In the past, the prognosis of bladder metastasis of renal cell carcinoma was considered very poor, with little chance of long-term survival. Matsumoto and colleagues concluded that only the presence of additional metastatic lesions at the time of diagnosis of the bladder metastasis and the development of bladder metastasis within a year after initial treatment of the RCC are independent prognostic factors. CSS was significantly higher in patients with solitary metastasis compared to their multi-metastatic counterparts (2-year CSS rates: 71.1% versus 25.8%; p = 0.007). The 2-year CSS rate for patients who developed bladder metastasis within a year was 58.4%, whereas this was 34.6% if diagnosis was made >1 year after initial treatment of the renal cell carcinoma (p = 0.063).3 In the past, however, there was no efficient systemic treatment available, while targeted therapy has now been proven to substantially increase life expectancy even in polymetastasized patients. In the above case, the patient is still alive and in good general condition, even though she was diagnosed with systemic metastatic spread. This finding supports the important benefit of targeted therapy in these metastatic patients.
In conclusion, bladder metastasis of RCC is a rare phenomenon that can develop as a solitary lesion or be part of polymetastatic disease.

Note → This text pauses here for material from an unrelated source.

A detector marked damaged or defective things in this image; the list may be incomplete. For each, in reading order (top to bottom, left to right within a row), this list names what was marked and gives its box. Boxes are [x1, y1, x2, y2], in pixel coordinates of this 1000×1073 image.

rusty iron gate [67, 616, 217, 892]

Treatment is still under debate and prognosis depends on the number of metastatic lesions and time of onset of the bladder metastasis.
Footnotes
Funding: This research received no specific grant from any funding agency in the public, commercial or not-for-profit sectors.

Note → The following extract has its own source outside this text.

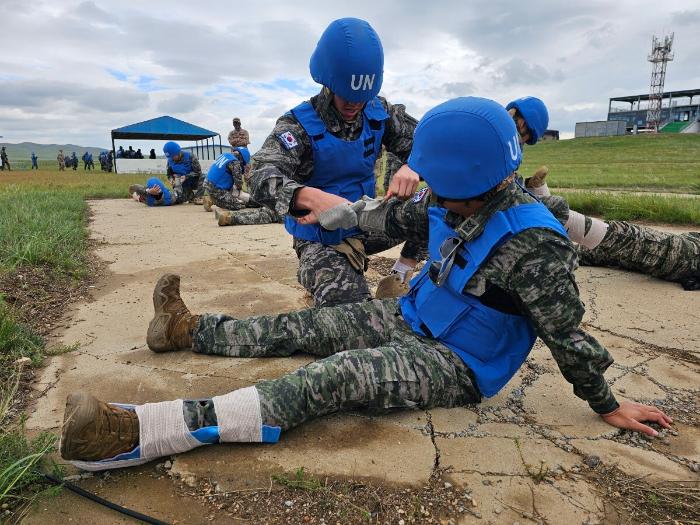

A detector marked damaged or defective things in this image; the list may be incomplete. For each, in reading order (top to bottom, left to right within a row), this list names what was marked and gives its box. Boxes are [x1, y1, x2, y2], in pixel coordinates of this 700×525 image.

cracked concrete surface [24, 199, 696, 520]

Conflict of interest statement: The authors declare that there is no conflict of interest.
Contributor Information
Ruben De Groote, Department of Urology, OLV Hospital Aalst, Moorselbaan 164, 9300 Aalst, Belgium.
Alessandro Larcher, Department of Urology, OLV Hospital Aalst, Aalst, Belgium Division of Oncology/Unit of Urology; URI; IRCCS Ospedale San Raffaele, Milan, Italy.
Marijn Goossens, Department of Urology, OLV Hospital Aalst, Aalst, Belgium.
De Raeve Hendrik, Department of Pathology, OLV Hospital Aalst, Aalst, Belgium.
Van Der Steen Kris, Department of Pathology, OLV Hospital Aalst, Aalst, Belgium.
Vincent De Coninck, Department of Urology, OLV Hospital Aalst, Aalst, Belgium.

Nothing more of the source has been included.